Nowsta Platform” means Nowsta’s cloud-based workforce management platform which the Parties each have a subscription to use, and which provides the Parties access to the Marketplace.

Request” means a request by Customer for staffing resources from Agency to support a project via the Marketplace.

Services” means those services an Agency agrees to provide to Customer pursuant to a Work Order.

Worker” means the person provided by Agency to perform the Services specified in a Work Order.

Work Order” means the work order generated when Agency accepts a Request for Staffing Services as a result of a match in connection with use of the Marketplace.

Provision of Services and Workers.

Agency Obligations. Agency shall provide flexible staffing for Customers by providing Workers as further described in Work Orders referencing this Agreement. Agency will be licensed and in compliance with all statutory and regulatory requirements in its location of operation, agrees that it and its Workers will comply with all national, federal, state, provincial, local, and municipal employment laws, and all other applicable laws and regulations. Agency will screen, interview and reference check Workers, and will comply with any other pre-assignment screening criteria specified herein or in the Request and associated Work Order. Screening may include interviews, reference checks, completion/maintenance of I-9 forms, and e-Verification confirmations. In the event Customer requests a background check, basic criminal history check, or drug testing of Workers as specified in the Work Order, Agency shall perform such testing at any Customer’s expense. Agency shall comply with all legal requirements in performing any investigation and checks, including but not limited to, any notice to Workers required by law. Customer may specify additional worker requirements in the Work Order and Agency shall only provide Workers who meet such requirements. Agency assumes full and sole responsibility for all acts or omissions of Workers as if performed by Agency. Agency shall have enforceable agreements in place with all Workers sufficient to ensure compliance with Agency’s obligations hereunder. In addition, Agency is responsible for the payment of all compensation and expenses of Workers, and for all income tax, unemployment insurance, social insurance, disability insurance and other applicable withholdings. Agency will indemnify Customer for any taxes, expenses and fines that are imposed on Customer as a result of Agency’s breach of this obligation. Agency warrants that all Workers it provides to Customer are eligible for employment in the United States, are qualified to perform Services specified in the applicable Work Order, and meet any classification requirements specified in the Work Order (1099 vs. W-2). Agency shall be liable for any damages or claims arising in connection with providing Workers that fail to meet the classification or other requirements in a Work Order and shall indemnify Customer in connection with such claims.

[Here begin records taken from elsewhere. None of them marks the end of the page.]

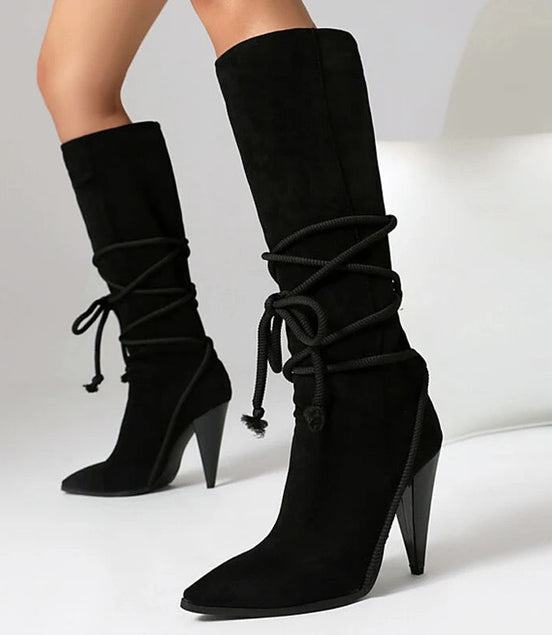 Cross Rope Heel Boots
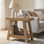 Table de bout à 2 niveaux en bois, petite table d'appoint rustique avec rangement pour le salon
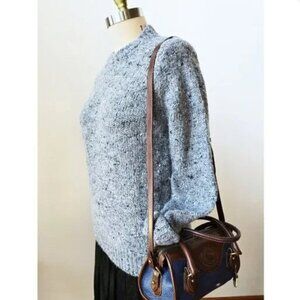 90's Nordstrom Eleventy Heavy Oversized Gray Fleck Wool Fisherman Sweater M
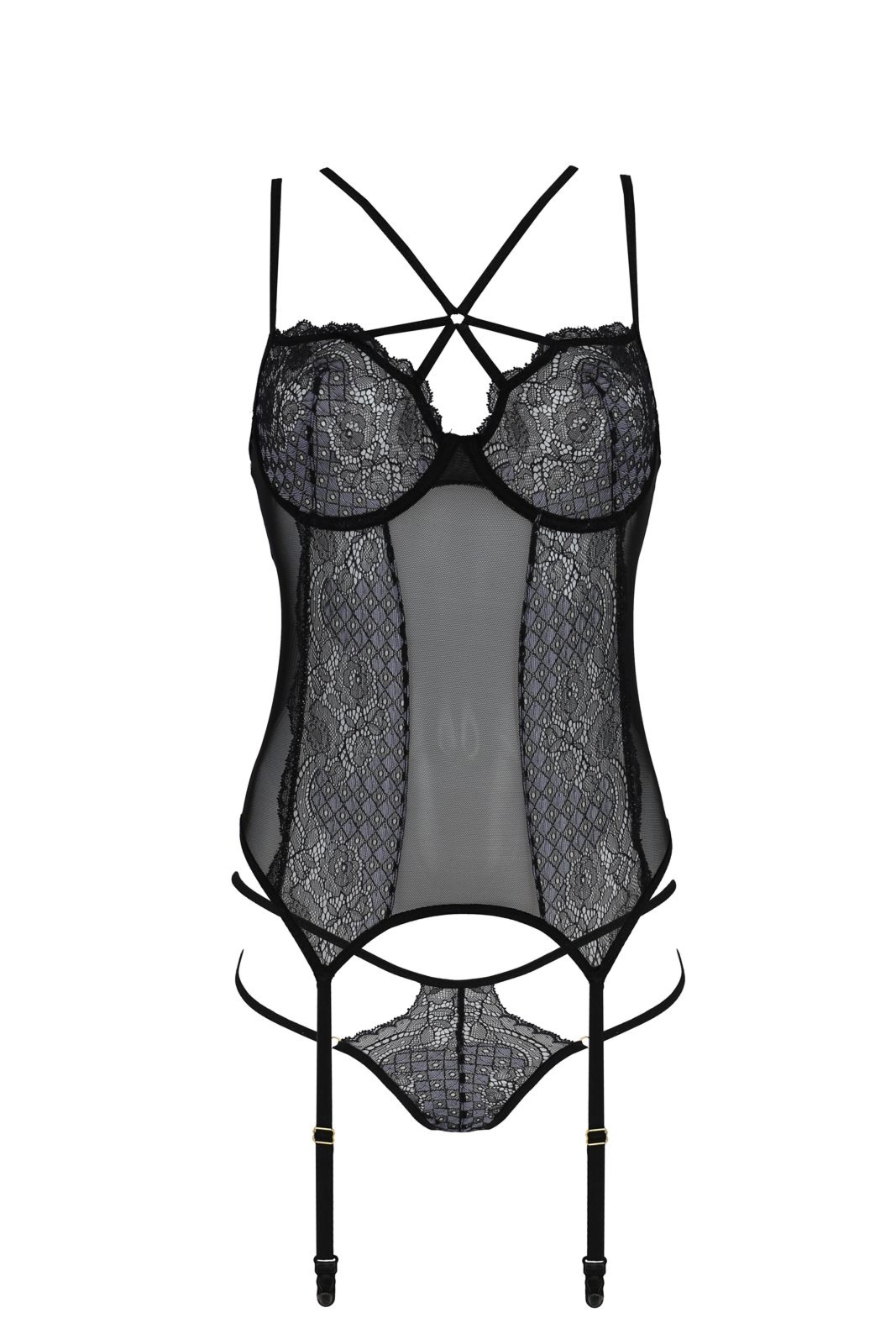 Top gorsetowy - AZAMOND CORSET black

2.2 Work Orders. Each Work Order shall be consistent with the applicable Request (unless otherwise agreed upon by the Parties in the applicable Work Order) and shall contain a description of: (a) any required or preferred qualifications and classifications of the Worker; (b) the essential duties to be performed by the Worker; (c) the pay rate of Workers assigned and the dates of such assignment; (d) any other information necessary to assist Agency in providing Workers and performing the Services; and (e) any additional background, screening or Worker requirements. Each Work Order shall form a part of this Agreement and shall be subject to the terms and conditions set forth herein. In the event of any conflict between the terms of this Agreement and the terms of a Work Order, the terms of this Agreement shall control.

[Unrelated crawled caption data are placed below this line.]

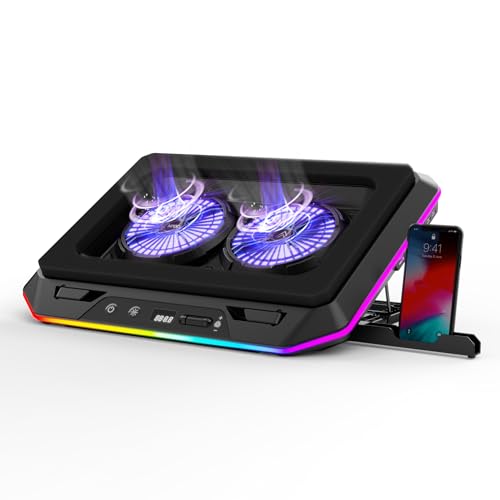 Image of Kreo Arctik Pro Laptop Cooler Pad Dual 125mm Fans, 3000 RPM, 7-Way Adjustable Cooling Pad with RGB Lighting, USB-C Powered, Built-in USB Hub (Arctik Pro)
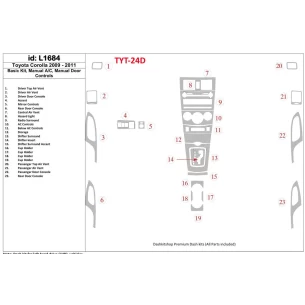 Toyota Corolla 2009-UP Basic Set, Manual Gearbox Doors Controls Interior BD Dash Trim Kit 2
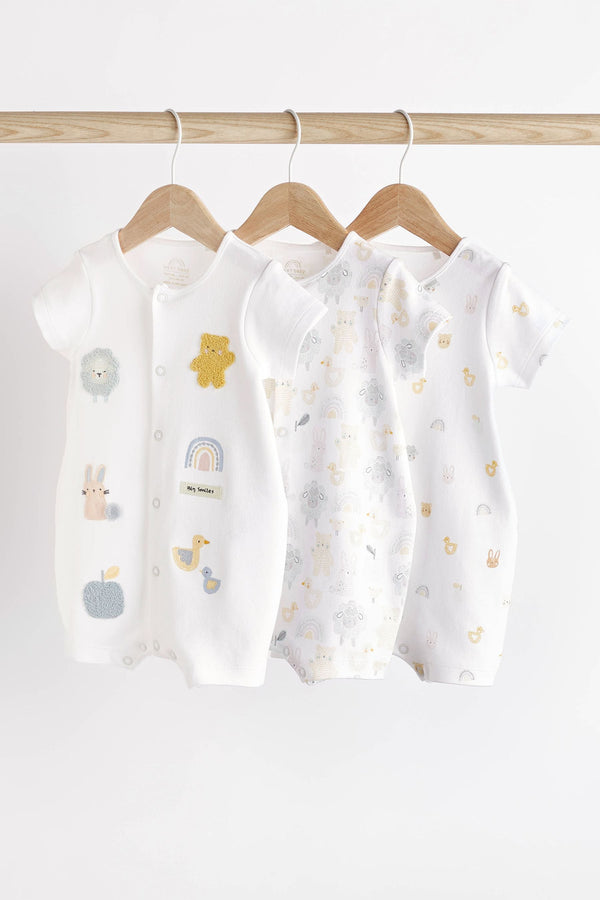 White Farmyard Baby 100% Cotton Rompers 3 Pack (0mths-2yrs)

2.3 Performance. Agency shall use best commercial efforts to ensure that the Services are performed in accordance with industry standards and the requirements of the Work Order. Customer will provide Workers with access to facilities, equipment, and systems as is reasonably necessary to enable Workers to perform the applicable Services. Customer shall provide Agency with a copy of any written workplace policies, and Agency shall be responsible for its Workers’ adherence to such policies. Customer shall have the right to immediately remove any Worker who violates any such workplace policies and shall provide prompt notice to Agency of any such removal and the reasons therefor. In addition, Customer may may request that a particular Worker not be assigned to Customer for any lawful reason. Agency shall be responsible for informing the Worker of the termination of the assignment for Customer.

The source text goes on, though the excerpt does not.